Pictures aside, can you reproduce the records word for word?

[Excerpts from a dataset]
-----

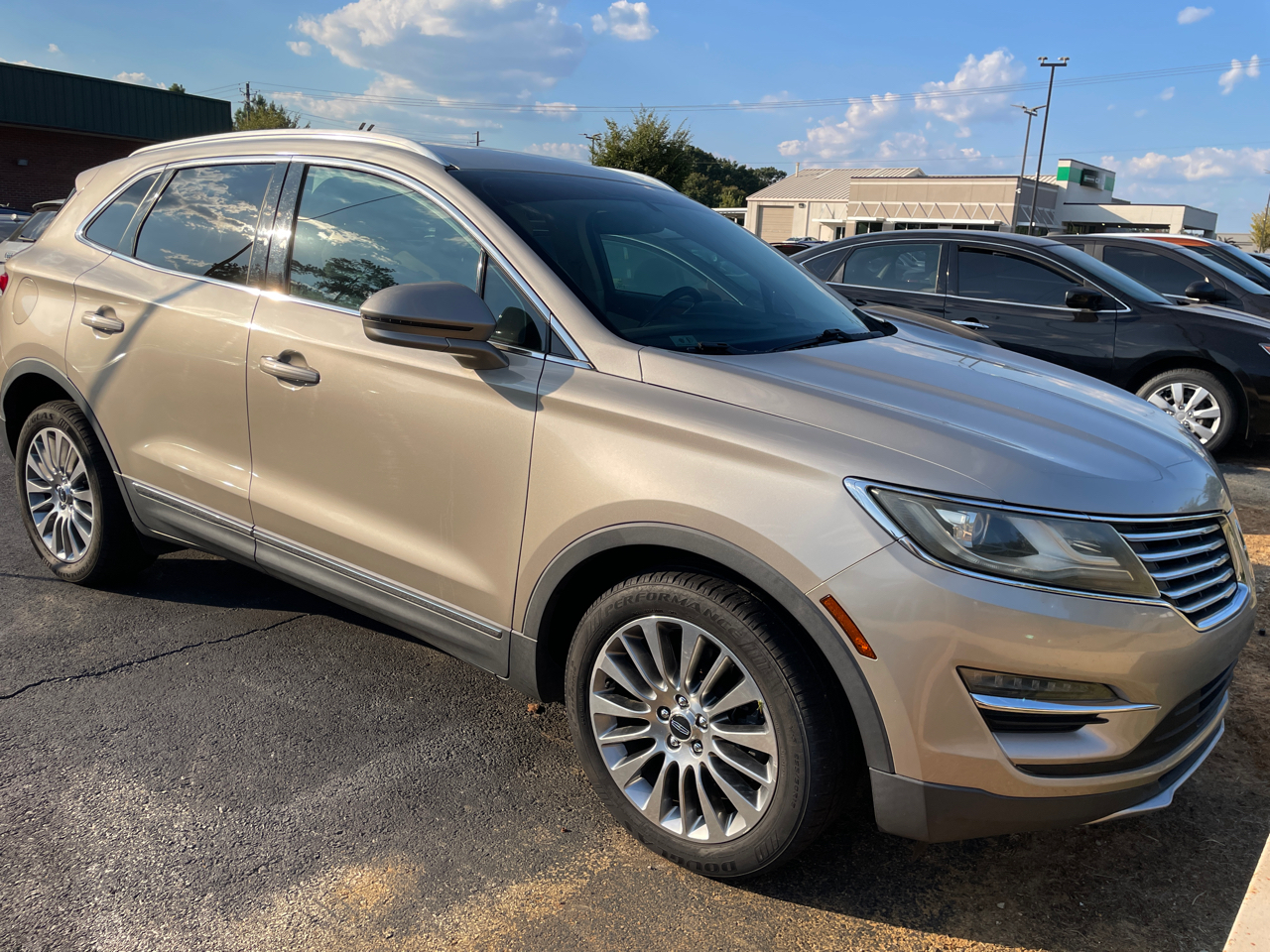 Lincoln MKC FWD 4dr 2015 Lincoln MKC FWD 4dr 2015
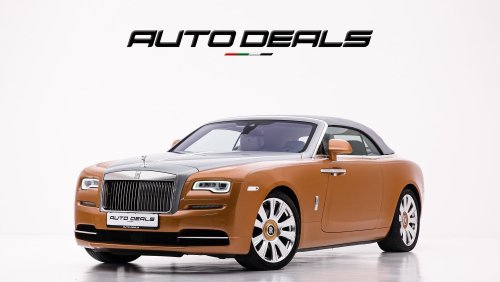 Rolls-Royce Dawn | GCC - Perfect Condition | 6.6L V12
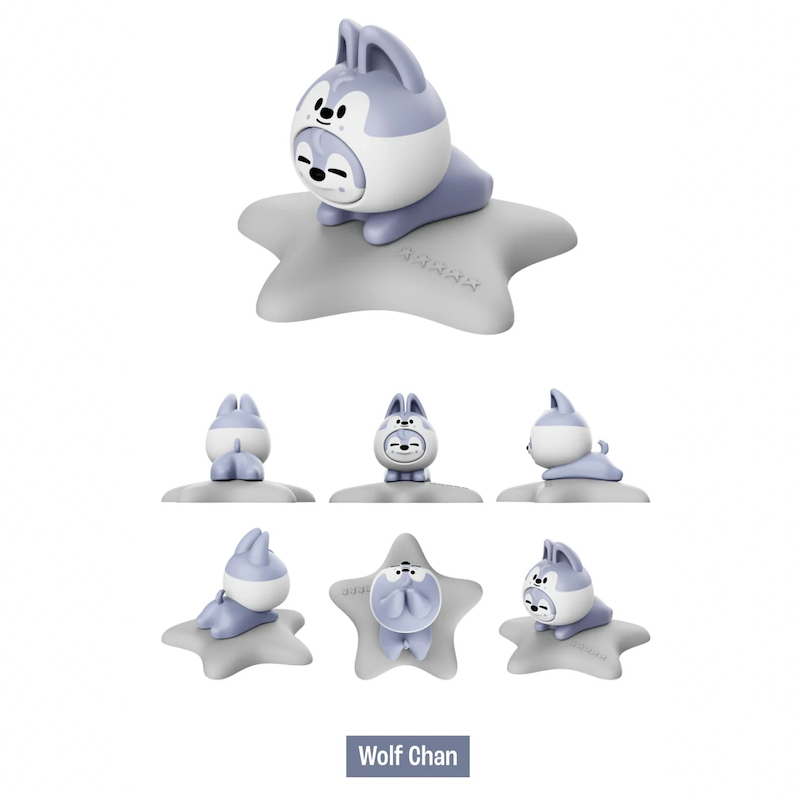 STRAY KIDS 5-STAR DOME TOUR 2023 SEOUL SPECIAL (UNVEIL 13) OFFICIAL MD - 09. SKZOO MINI FIGURE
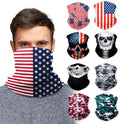 Sojourner Neck Gaiter, Bandana, Buff (9 Pack) - Face Cover for Men, Women, and Teens - Neck Warmer UV Sun Protection Gator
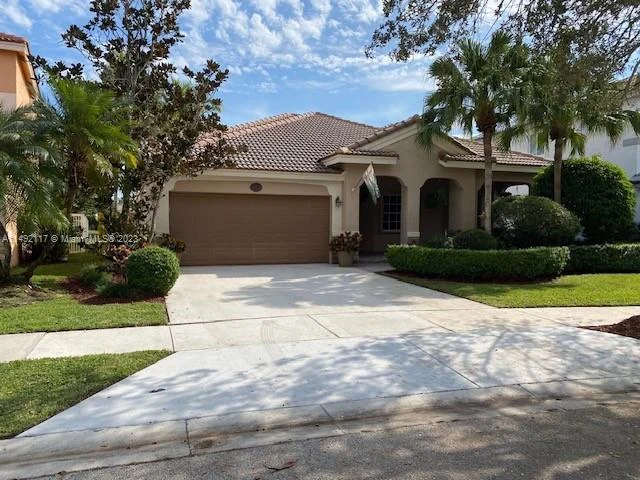 1658 Orchid Bnd, Weston FL 33327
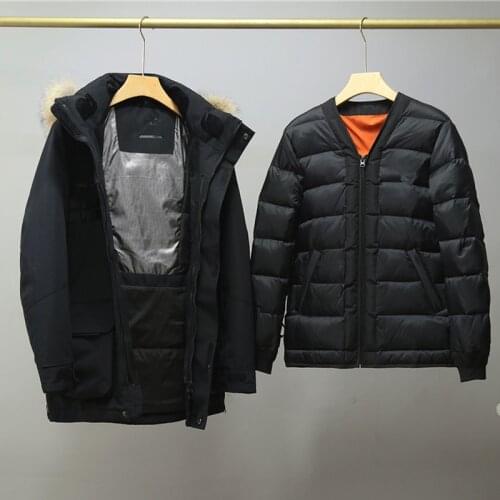 Мужские пуховики с капюшоном IN-YESON China At AliExpress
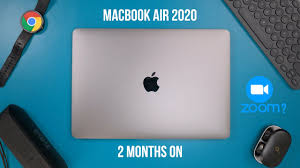 Again, hold down the ctrl key, but this time take two fingers and swipe upwards on the trackpad area to zoom in, then use your two fingers to swipe downwards to zoom out. Macbook Air 2020 2 Months On Review Chrome Zoom Youtube Etc Youtube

-----

COMPLETED EXERCISE —
 Lincoln MKC FWD 4dr 2015 Lincoln MKC FWD 4dr 2015
 Rolls-Royce Dawn | GCC - Perfect Condition | 6.6L V12
 STRAY KIDS 5-STAR DOME TOUR 2023 SEOUL SPECIAL (UNVEIL 13) OFFICIAL MD - 09. SKZOO MINI FIGURE
 Sojourner Neck Gaiter, Bandana, Buff (9 Pack) - Face Cover for Men, Women, and Teens - Neck Warmer UV Sun Protection Gator
 1658 Orchid Bnd, Weston FL 33327
 Мужские пуховики с капюшоном IN-YESON China At AliExpress
 Again, hold down the ctrl key, but this time take two fingers and swipe upwards on the trackpad area to zoom in, then use your two fingers to swipe downwards to zoom out. Macbook Air 2020 2 Months On Review Chrome Zoom Youtube Etc Youtube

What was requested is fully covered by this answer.